I am so envious ! I wanna be a Hobbit ! I wanna be a Hobbit !
Excellent writing about reading…..and writing .
Enjoy your hearth.But then write write write ,because I want to read read read !
Muchas gracias, Frederico. Yes, you, too, can be a hobbit… no matter where you are!
Hope I get around to reading some of these books. Have never read Lord of the Rings or The Hobbit. In the mean time, you write and I’ll quilt. Then I will read what you wrote and you can sit in your comfy chair and (eventually)cover yourself with the quilt.
Sounds like a lovely trade to me, Jan. Looking forward to the quilt!
And by the way, The Hobbit is a book you could read to your grandchildren. They would love it. And having you read it to them… well, it’s something they (and you) would never forget.
Well done, Christopher. Nice study, by-the-way. Tolkien rocks. I was especially impressed the way he can change scenes completely on the next page or even the next paragraph. Much as you did in “Robbers”. The character, Gollum, really scared me. I am haunted by him to this day. I trust him about as far as I can throw him. Oh, that’s right, its fiction, thank goodness.
Gollum is awfully creepy, Sonny, that’s a fact. I reckon he is intended to be, representing as he does the twisted nature of greed. It’s as if he has a bottomless pit inside himself and nothing will fill it up except for the thing he obsessively wants to possess.
Like you, I especially like Tolkien’s ability to entrance us and take us along for the ride, wherever it goes. I also think he has a special talent for describing nature, landscapes, trees and flora.

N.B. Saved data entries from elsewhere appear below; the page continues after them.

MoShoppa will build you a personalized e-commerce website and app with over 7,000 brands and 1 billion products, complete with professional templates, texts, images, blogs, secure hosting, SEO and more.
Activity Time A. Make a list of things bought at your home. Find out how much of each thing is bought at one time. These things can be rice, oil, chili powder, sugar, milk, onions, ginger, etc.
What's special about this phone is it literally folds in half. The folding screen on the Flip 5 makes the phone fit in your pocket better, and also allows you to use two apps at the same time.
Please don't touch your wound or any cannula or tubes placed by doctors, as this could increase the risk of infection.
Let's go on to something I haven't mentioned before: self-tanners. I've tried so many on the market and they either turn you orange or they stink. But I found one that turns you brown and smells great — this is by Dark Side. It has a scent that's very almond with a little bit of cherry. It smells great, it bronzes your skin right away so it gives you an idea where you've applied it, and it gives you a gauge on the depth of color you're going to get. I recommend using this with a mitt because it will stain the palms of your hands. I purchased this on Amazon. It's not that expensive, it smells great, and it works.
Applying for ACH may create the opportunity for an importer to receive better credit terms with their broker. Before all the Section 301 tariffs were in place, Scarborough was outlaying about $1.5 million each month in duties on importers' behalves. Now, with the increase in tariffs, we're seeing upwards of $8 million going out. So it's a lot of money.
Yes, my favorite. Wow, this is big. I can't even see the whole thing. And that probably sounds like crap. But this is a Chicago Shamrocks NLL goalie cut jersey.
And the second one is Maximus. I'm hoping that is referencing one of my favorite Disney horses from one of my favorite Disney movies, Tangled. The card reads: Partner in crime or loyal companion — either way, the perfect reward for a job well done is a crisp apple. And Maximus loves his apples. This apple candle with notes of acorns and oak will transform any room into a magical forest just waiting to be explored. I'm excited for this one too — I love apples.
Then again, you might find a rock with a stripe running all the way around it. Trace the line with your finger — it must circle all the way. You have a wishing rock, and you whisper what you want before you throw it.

I love his ancient tree characters, the Ents, and their great leader, Treebeard.
In the ‘for what’s worth’ dept…While certain considerations make it settled history that “The Decline and Fall of the Roman Empire” recognized as “the greatest history ever written in any language AND the wittiest of all English Literature, I can only recommend that Chapters 15 and 16 are a must to understand why it was immediately banned when it was released in 1776. But for the easily attainable 2nd best or greatest history, I nominate “The Conquest of Mexico” by William Prescott. This was the first best seller of American writers and he was mostly blind when he began his writing career, writing in Boston at the end of the ‘Little Ice Age’, a combined feat which us modern writers cannot and do not want to match. Prescott wrote with the same parallel sentence structure used by Gibbon and the beauty of the writing is equal to the impossibility of the feat of Cortez. I have never found another book to compare in total effect, although his ‘Conquest of Peru’ is also great, as is Ferdinand and Isabelle, for writing, but not for epic spectacle. Other great epic histories are “Peter the Great” by Robert Massey and then “The Dream and the Tomb”, by Robert Payne. Payne, who wrote “Eyewitness to History”, was there at the Spanish Revolution, met Hitler, Mao and other ‘players’ and wrote biographies of Hitler, Stalin and Gandhi. Another truly great, great history is ”The Blue Nile” by Alan Morehead: the story is quite beyond compare and spans over a century of mystery and discovery. If you buy from Amazon, be sure to get a later date hardback which has many beautiful color plates and a beautiful dust cover, suitable for framing. Morehead also wrote “The White Nile” which is not as great a story but close. After a lifetime of history reading, these are my best suggestions for long reading periods during winter…for those with the time and luxury. Add wine, tea and a fireplace and you really got it going on…
I’ve read some of those but not all. More for the “to read” list. Thanks, Gary.
Christopher, found you while looking at Edinas work on FB. Thought I’d say hi to you, if you guys remember me, we met in San Miguel a few years ago.
I just saw The Hobbit. I know some were let down after waiting so long for it. I liked it, largely the enhanced 3D effects helped.
It did inspire me to reread the trilogy too,
Officially semi-retired I can’t wait to see more of Europe. Prague will have to be on that path
Salud. Patty
Hey, Patricia. Very nice to hear from you, glad you enjoyed the trilogy. Congrats on semi-retirement and your plans to travel. Yes, Prague would be a fine destination to put on your itinerary. Lovely place to sight-see. May-June and September-October are perhaps the best times; best weather and fewer tourists.